=== Section Start ===

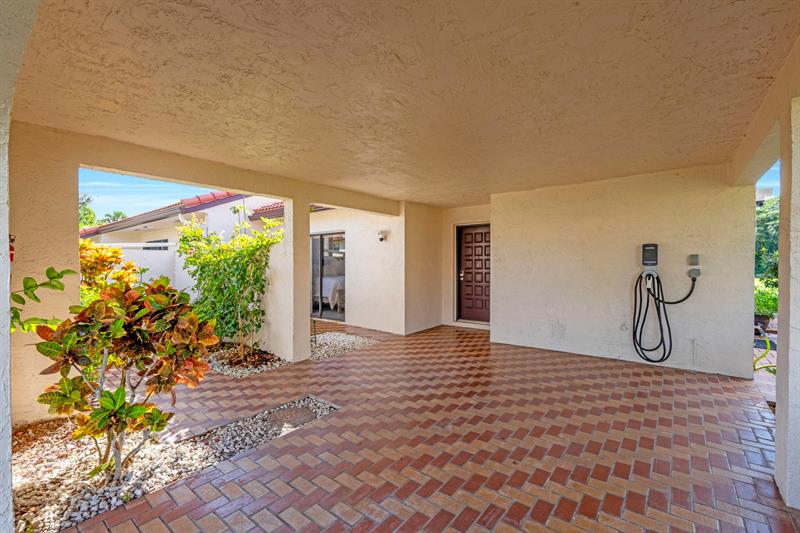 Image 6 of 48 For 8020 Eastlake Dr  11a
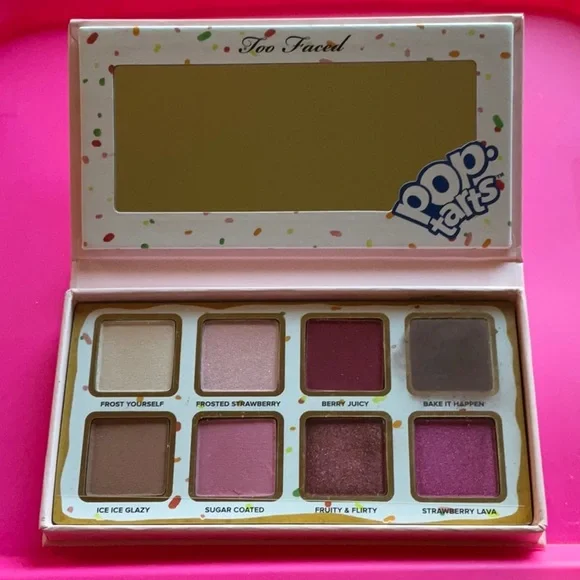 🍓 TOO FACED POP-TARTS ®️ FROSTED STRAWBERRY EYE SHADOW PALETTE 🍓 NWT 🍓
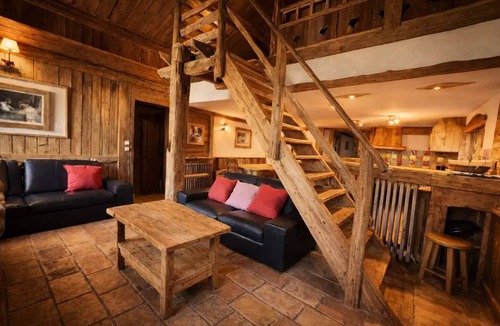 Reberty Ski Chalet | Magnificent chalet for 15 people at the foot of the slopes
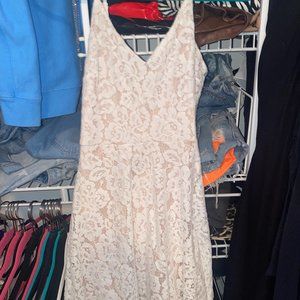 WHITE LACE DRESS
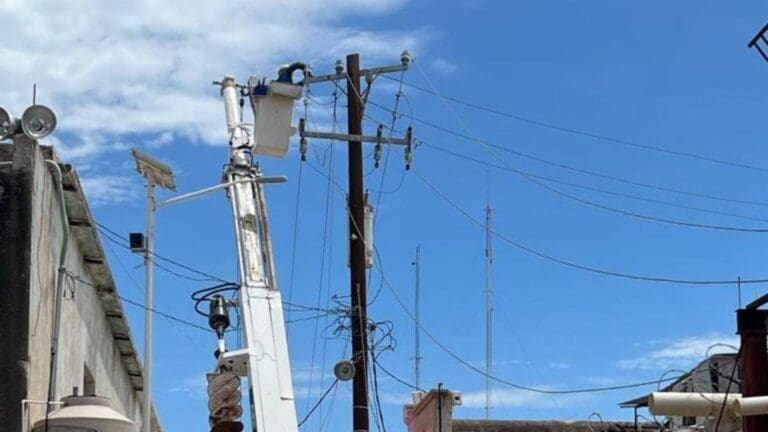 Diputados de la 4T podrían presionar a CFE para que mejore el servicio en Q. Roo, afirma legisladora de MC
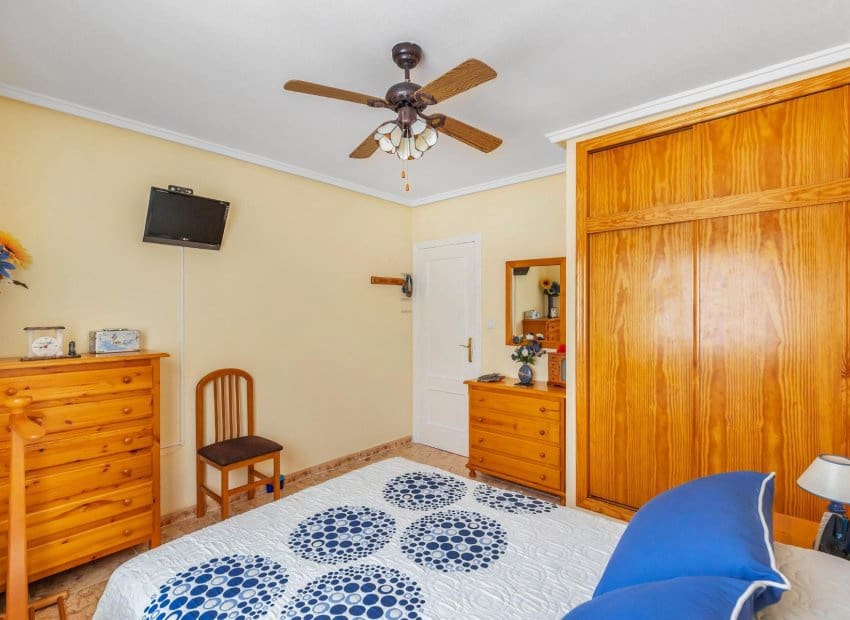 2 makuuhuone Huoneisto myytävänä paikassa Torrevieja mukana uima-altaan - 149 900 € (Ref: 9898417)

=== Section End ===

## Exercise
Skip the pictures, then write out every entry exactly.

## Task solution
 Image 6 of 48 For 8020 Eastlake Dr  11a
 🍓 TOO FACED POP-TARTS ®️ FROSTED STRAWBERRY EYE SHADOW PALETTE 🍓 NWT 🍓
 Reberty Ski Chalet | Magnificent chalet for 15 people at the foot of the slopes
 WHITE LACE DRESS
 Diputados de la 4T podrían presionar a CFE para que mejore el servicio en Q. Roo, afirma legisladora de MC
 2 makuuhuone Huoneisto myytävänä paikassa Torrevieja mukana uima-altaan - 149 900 € (Ref: 9898417)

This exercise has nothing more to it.